-- Opening Marker --

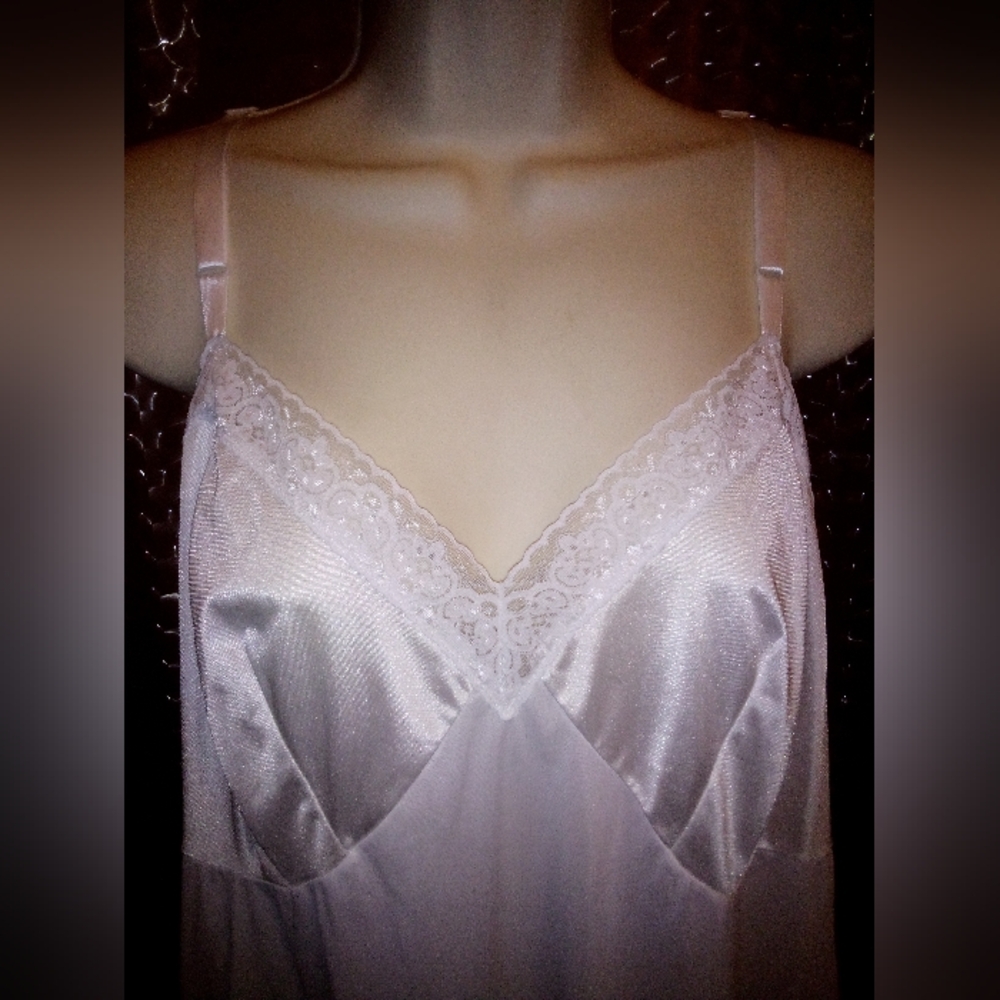 Ladies Vanity Fair Full Slip Size 24
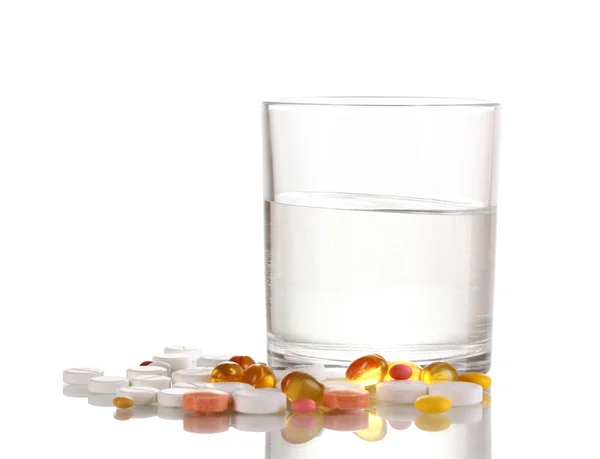Glas vatten och piller isolerad på vit — Stockfoto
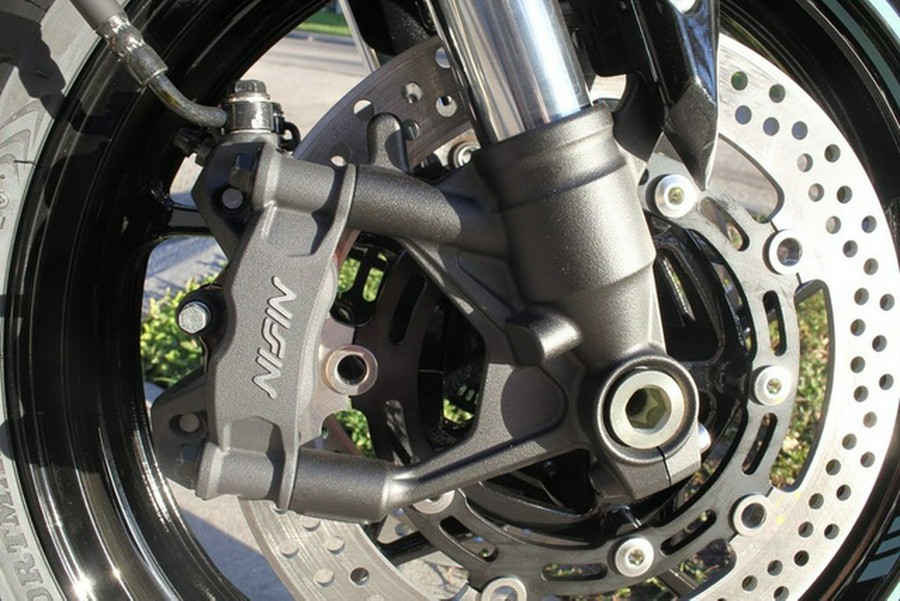 2025 Kawasaki Z900 ABS Galaxy Silver/Metallic Spark Black
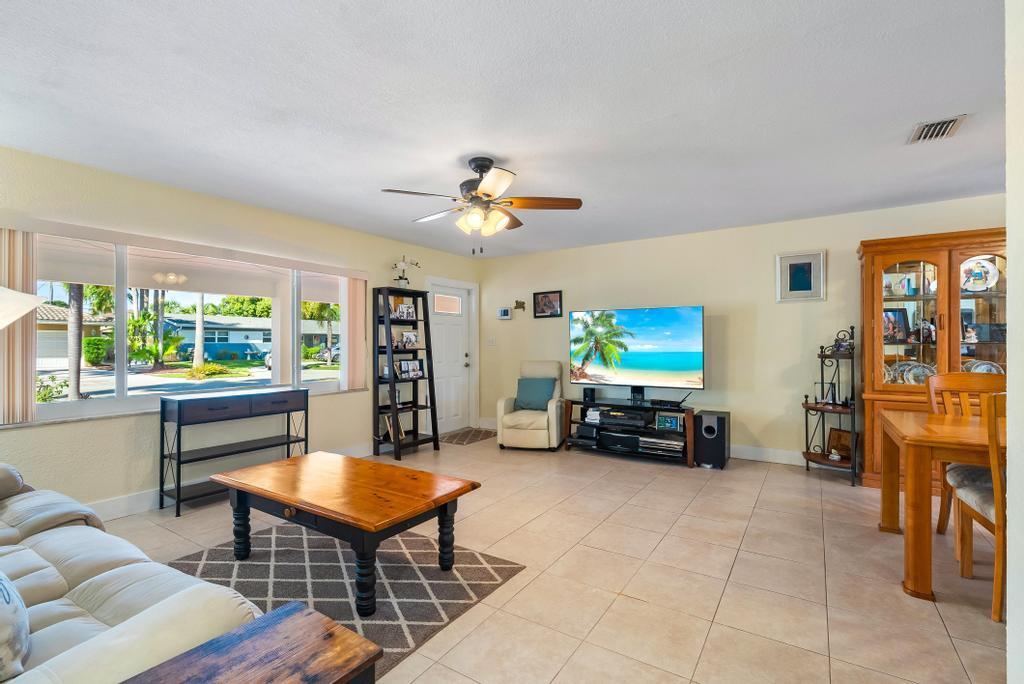 DEERFIELD BEACH ESTATES - Residential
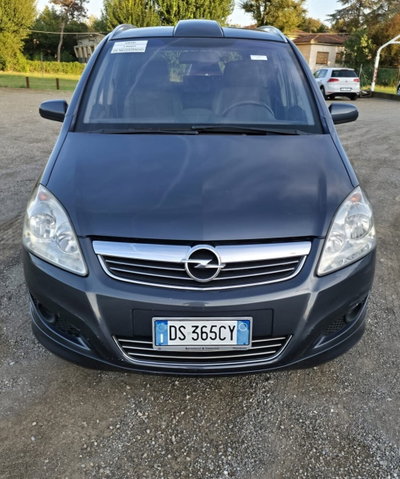 Opel Zafira 1.9 CDTI 120CV Cosmo (19)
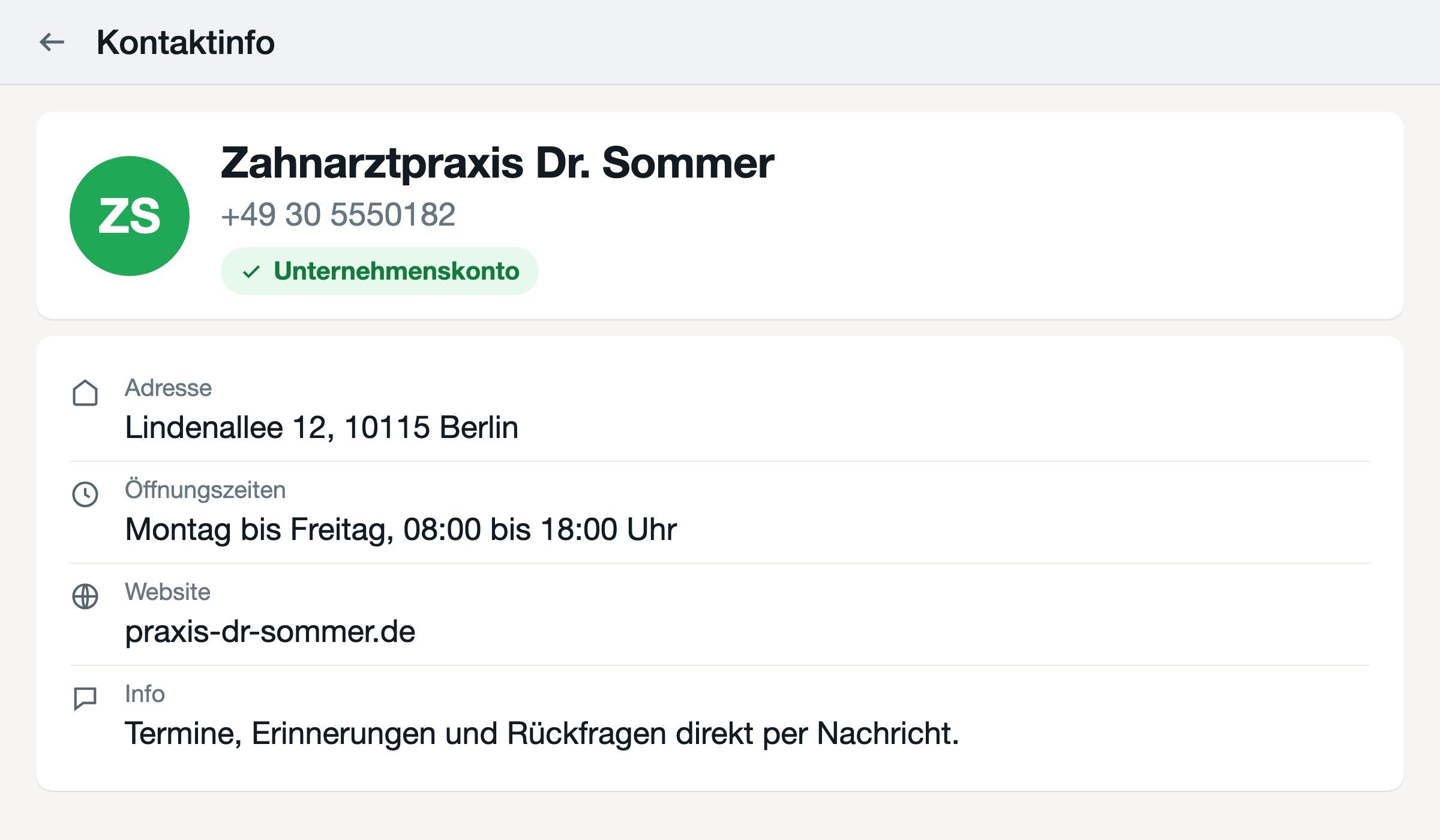 WhatsApp-Unternehmensprofil der Praxis mit Praxisname, Praxisnummer, Adresse und Öffnungszeiten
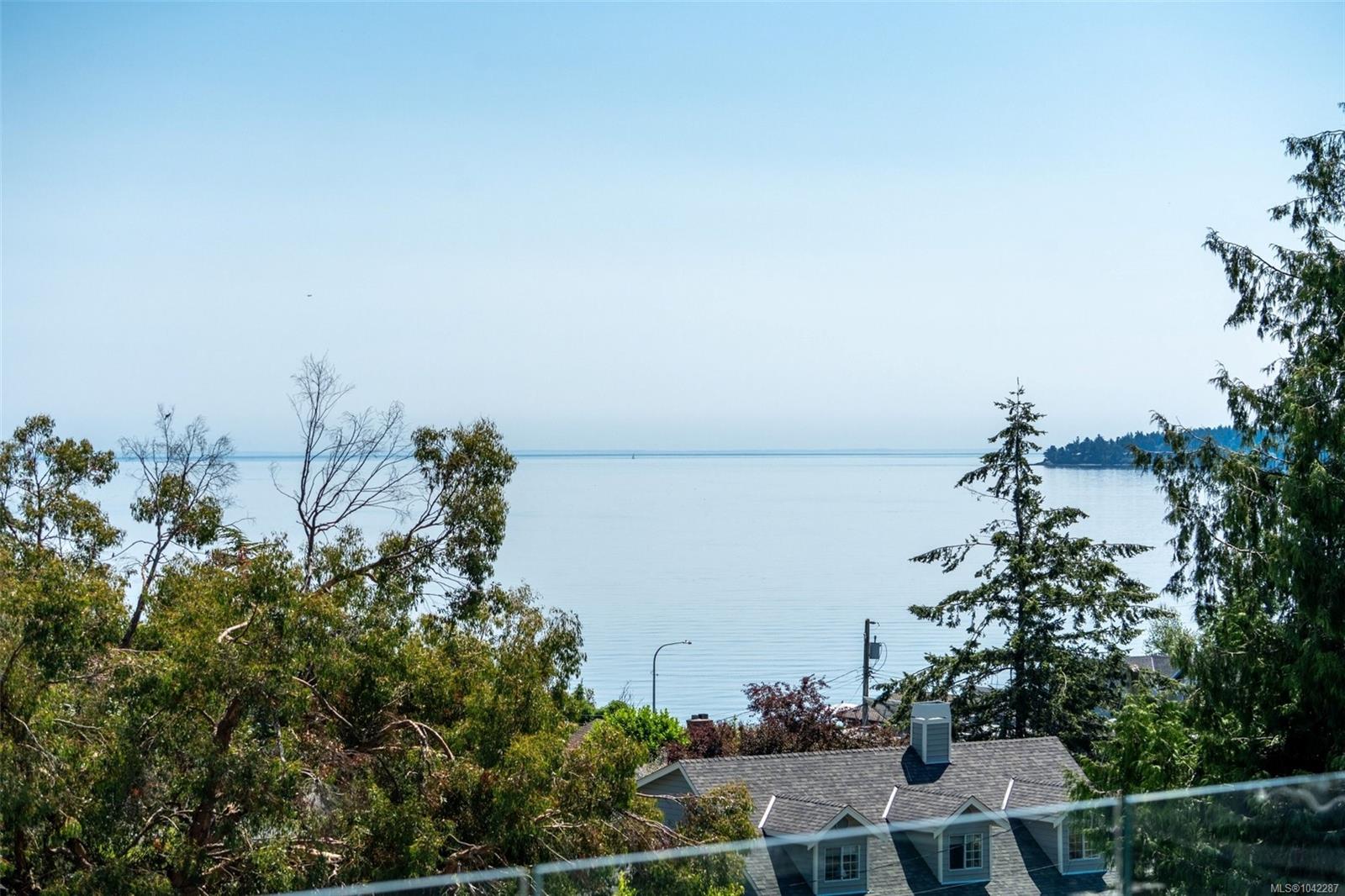 5229 Cordova Bay Rd #PH 404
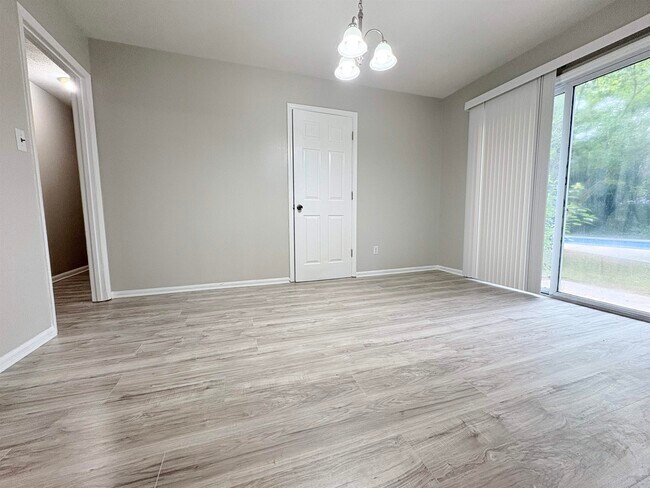 Building Photo - 1840 Devra Dr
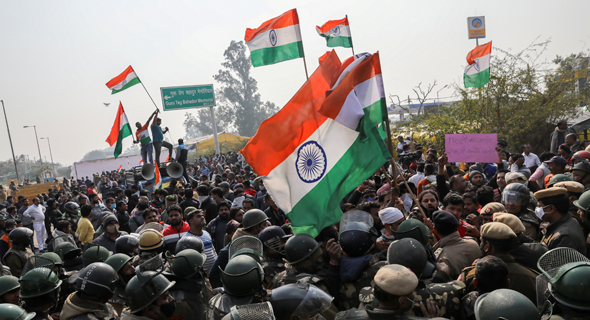 הפגנה של חקלאים בהודו, צילום: רויטרס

-- Closing Marker --

What you return should match the records above word for word, minus the pictures.

 Ladies Vanity Fair Full Slip Size 24
Glas vatten och piller isolerad på vit — Stockfoto
 2025 Kawasaki Z900 ABS Galaxy Silver/Metallic Spark Black
 DEERFIELD BEACH ESTATES - Residential
 Opel Zafira 1.9 CDTI 120CV Cosmo (19)
 WhatsApp-Unternehmensprofil der Praxis mit Praxisname, Praxisnummer, Adresse und Öffnungszeiten
 5229 Cordova Bay Rd #PH 404
 Building Photo - 1840 Devra Dr
 הפגנה של חקלאים בהודו, צילום: רויטרס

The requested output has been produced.